RAND cautioned that, in light of "long-term trends in acquisitions and China’s quantitatively superior inventory," Tokyo's reforms "may not be sufficient to enable Japan to keep pace over the longer term" as the two countries compete over the Senkakus.

RAND cautioned that, in light of "long-term trends in acquisitions and China’s quantitatively superior inventory," Tokyo's reforms "may not be sufficient to enable Japan to keep pace over the longer term" as the two countries compete over the Senkakus.

The sheer number of Chinese warships and warplanes patrolling a disputed East China Sea island chain threatens to overwhelm Japan's own ships and planes.

(This first appeared last month)

The imbalance could get worse for Japan.

The Senkaku islands, which are uninhabited, lie east of mainland China, northeast of Taiwan and west of Japan's Okinawa prefecture. Their location makes them strategically valuable to China and Japan. Both countries claim the islands.

In 2012, the Japanese government bought three islands in the Senkaku chain from their private owners.

Tokyo's purchase of the three islands "enraged" Beijing, according to RAND, a California think tank. The acquisition spurred China's leaders to significantly boost military sea and air operations around the Senkakus, RAND explained in its 2018 report.

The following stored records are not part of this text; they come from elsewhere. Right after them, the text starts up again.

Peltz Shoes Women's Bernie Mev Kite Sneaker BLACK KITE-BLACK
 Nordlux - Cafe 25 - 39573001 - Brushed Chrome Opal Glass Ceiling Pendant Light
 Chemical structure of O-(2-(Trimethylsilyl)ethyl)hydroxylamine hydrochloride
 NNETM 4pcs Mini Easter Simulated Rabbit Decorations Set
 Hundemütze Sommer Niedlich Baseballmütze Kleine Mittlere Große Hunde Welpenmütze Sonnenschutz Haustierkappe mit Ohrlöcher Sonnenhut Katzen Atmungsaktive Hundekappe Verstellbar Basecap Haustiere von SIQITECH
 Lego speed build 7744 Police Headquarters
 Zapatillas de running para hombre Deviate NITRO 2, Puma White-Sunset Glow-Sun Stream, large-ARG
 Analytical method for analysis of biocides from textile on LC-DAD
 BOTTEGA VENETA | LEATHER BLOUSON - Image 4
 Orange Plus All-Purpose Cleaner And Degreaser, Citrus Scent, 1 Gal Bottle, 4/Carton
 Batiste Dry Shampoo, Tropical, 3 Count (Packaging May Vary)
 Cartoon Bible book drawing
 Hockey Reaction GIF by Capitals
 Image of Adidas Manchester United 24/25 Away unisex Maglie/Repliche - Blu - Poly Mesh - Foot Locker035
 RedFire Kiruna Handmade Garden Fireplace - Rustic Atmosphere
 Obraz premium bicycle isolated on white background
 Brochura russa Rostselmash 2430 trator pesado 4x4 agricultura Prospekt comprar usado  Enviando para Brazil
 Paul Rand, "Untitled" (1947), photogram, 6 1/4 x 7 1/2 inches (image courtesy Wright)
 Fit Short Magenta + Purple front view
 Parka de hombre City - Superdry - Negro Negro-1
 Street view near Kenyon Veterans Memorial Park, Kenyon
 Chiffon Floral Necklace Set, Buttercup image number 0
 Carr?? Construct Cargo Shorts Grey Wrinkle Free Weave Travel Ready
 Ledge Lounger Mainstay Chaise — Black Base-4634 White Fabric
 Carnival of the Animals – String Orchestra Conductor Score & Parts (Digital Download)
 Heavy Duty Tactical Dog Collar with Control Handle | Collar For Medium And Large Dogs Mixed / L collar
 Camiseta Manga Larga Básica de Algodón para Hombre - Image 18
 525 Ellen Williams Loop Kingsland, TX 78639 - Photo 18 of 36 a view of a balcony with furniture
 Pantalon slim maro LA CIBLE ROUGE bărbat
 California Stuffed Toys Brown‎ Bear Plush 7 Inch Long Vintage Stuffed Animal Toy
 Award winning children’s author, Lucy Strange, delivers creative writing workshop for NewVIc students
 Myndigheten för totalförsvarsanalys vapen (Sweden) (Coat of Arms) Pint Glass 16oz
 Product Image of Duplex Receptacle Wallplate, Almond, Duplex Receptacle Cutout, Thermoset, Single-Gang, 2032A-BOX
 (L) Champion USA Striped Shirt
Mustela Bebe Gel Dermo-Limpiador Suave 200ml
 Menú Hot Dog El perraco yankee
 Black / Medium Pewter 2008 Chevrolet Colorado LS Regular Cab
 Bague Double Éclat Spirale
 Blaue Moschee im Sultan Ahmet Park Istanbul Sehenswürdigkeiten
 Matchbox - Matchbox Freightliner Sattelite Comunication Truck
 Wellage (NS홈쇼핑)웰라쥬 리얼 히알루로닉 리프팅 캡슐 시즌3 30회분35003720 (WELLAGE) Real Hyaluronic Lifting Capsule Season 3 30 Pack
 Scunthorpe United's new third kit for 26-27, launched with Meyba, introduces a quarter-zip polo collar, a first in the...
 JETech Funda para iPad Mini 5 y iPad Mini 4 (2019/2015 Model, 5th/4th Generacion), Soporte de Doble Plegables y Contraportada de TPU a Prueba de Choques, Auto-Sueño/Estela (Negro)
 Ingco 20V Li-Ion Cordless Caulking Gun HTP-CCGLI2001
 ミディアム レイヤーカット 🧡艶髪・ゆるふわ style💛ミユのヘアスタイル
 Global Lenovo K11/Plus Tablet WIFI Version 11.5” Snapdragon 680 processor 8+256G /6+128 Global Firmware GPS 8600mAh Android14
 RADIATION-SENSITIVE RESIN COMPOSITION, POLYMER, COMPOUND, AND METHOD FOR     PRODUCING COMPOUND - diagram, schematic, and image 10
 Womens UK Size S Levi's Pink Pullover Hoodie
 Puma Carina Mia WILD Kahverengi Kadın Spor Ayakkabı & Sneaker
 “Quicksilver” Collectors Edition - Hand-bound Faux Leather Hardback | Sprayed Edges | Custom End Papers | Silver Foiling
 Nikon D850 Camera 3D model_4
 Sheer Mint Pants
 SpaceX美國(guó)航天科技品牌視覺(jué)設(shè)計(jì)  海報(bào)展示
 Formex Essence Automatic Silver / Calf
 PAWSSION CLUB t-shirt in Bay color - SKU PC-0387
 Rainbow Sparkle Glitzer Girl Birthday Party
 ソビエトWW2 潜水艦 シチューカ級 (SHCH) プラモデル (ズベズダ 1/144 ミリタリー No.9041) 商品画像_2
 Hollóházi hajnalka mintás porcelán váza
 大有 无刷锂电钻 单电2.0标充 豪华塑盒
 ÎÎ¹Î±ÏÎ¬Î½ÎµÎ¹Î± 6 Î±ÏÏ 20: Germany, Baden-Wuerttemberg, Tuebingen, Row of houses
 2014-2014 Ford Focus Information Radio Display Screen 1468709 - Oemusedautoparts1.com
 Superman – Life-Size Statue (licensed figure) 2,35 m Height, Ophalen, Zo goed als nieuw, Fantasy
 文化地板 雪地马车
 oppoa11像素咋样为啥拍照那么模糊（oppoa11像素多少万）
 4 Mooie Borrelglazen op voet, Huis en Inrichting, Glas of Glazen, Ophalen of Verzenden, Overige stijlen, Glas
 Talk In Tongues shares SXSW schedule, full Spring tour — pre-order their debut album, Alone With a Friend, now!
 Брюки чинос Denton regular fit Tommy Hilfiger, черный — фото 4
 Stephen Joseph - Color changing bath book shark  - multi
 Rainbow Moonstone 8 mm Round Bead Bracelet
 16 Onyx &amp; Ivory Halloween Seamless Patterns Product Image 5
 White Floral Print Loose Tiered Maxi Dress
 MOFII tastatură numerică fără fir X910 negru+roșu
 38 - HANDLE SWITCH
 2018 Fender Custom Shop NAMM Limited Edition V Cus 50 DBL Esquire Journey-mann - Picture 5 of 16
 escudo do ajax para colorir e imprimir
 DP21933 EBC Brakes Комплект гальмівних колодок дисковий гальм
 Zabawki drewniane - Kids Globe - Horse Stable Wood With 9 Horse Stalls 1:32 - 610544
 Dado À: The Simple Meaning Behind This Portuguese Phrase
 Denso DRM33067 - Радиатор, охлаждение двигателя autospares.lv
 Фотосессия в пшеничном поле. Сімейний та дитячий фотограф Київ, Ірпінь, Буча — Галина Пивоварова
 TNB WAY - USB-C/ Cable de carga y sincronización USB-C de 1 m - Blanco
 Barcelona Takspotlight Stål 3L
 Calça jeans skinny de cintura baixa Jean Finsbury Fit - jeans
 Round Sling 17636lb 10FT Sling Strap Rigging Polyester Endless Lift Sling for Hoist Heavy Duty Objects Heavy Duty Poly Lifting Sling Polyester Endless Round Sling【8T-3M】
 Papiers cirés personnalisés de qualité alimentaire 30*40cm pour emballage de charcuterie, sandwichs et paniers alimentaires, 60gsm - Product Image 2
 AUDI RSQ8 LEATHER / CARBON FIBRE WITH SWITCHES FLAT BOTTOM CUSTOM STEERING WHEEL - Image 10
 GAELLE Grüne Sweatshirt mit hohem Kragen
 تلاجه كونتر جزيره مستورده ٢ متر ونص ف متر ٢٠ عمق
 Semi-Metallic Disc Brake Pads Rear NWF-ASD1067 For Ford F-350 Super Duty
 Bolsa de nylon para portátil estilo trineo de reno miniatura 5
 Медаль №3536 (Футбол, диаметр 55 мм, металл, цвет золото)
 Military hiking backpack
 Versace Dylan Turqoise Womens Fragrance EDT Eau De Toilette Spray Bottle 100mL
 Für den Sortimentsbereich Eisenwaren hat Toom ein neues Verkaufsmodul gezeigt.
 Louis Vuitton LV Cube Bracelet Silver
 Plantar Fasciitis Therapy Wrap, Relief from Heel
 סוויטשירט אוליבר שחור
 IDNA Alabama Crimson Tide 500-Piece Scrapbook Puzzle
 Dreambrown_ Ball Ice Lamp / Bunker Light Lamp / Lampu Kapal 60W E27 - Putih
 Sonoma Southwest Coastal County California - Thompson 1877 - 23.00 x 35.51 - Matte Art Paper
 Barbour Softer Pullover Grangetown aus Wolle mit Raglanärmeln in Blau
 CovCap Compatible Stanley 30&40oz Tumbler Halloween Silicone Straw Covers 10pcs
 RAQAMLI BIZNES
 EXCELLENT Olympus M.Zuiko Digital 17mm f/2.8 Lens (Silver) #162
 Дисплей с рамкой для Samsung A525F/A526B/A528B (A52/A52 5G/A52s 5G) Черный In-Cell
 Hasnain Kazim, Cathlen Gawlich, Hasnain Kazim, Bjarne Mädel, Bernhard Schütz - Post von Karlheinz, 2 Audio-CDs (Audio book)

By 2015, the two countries were in direct competition. China’s 2015 defense policy paper called Japan’s military modernization a “grave concern.” In its own defense policy the same year, Japan named China as a potential threat.

Around the Senkakus, military forces surged.

China's deployments were part of a broader assertion by China of its growing military might. "China seeks to overtake Japan as the dominant power in the region," the RAND report's authors wrote. "As part of that effort, China is intent on challenging Japan’s administrative control over the Senkaku islands and on demonstrating that it can exercise control in the area while avoiding escalation to a military conflict with Japan."

And the Japanese military is struggling to keep up. "The increased operational tempo has strained Japan’s ability to match the Chinese presence," RAND reported.

"By the end of 2012, the Japan Coast Guard reported that Chinese coast guard ships had intruded into Senkaku territorial waters 68 times since Sept. 11, an unprecedented number of intrusions," RAND explained.